Пёнтковский получал годовое содержание в размере 110 франков. Сумма составляла приблизительно половину того, что получали остальные офицеры свиты. Но поляк не слишком беспокоился этим, как не беспокоился, собственно, ничем: ни компрометациями по причине изливаемой на него лжи, ни "осторожным" надзором, которым его поначалу окружили, ни даже фактом, что его не каждый день приглашали к столу обожаемого императора – как правило, он столовался вместе с доктором О'Мерой и британским связным офицером в Лонгвуд, капитаном Поппелтоном. Только лишь скука, единообразие дней в гадкой ауре острова, все-таки достали его до живого и начали ломать, как сломали всех, с Наполеоном во главе. Для горячего Кароля это было пыткой.
Скуку он убивал как только мог – утренней охотой на куропаток и диких голубей, уроками верховой езды, которые давал сыну Бертрана.
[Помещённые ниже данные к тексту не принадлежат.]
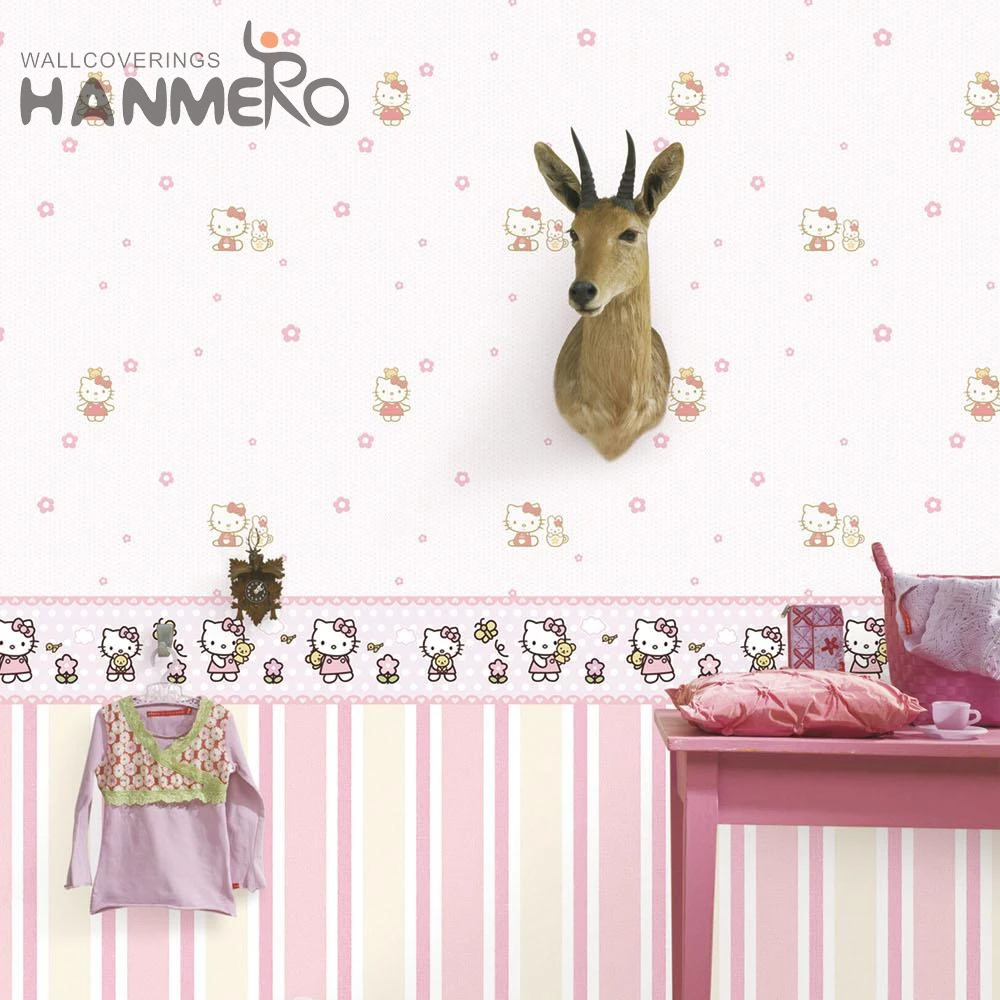 Розовые милые рулоны обоев Hello kitty для детей и девочек декоративные настенные из нетканого материала детской комнаты оптовая продажа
Довольно часто он выезжал в Джеймстаун за газетами, покупками и новостями из Европы, которые привозили на остров моряки, и которые Пёнтковскому нашептывал на ухо Леви Соломон, часовщик и совладелец лавчонки. Пёнтковский приходил к Соломону посмотреть гравюры и антиквариат, после чего возвращался в Лонгвуд нафаршированный сведениями, а уже тут "продавал" их императорской свите. Прекрасно зная несколько языков, он переводил своим товарищам лондонские газеты.
Французские авторы, особенно Ленотр, хотят доказать, будто Наполеон терпеть не мог Пёнтковского, избегал его и никогда с ним не разговаривал. Все это лишь выдумки. По воскресеньям поляка приглашали к столу императора. Когда однажды поляк был ранен на охоте, Наполеон от всего сердца сочувствовал ему, вызывая тем самым гордость и радость Пёнтковского. Лас Касес, описывая завтрак Бонапарте в саду, приводит такое событие: "Как-то утром, завтракая в тени деревьев, император заметил поляка Пёнтковского и позвал его, приглашая разделить с ним завтрак, после чего начал расспрашивать его о различных вещах, а Пёнтковский пал к его ногам" (заметка от 23.02.1816). Император испытывал к хвастуну лишь мягкую отстраненность, возможно, смешанную с какой-то долей презрения, но и с понимание и терпимостью, столь характерными для него.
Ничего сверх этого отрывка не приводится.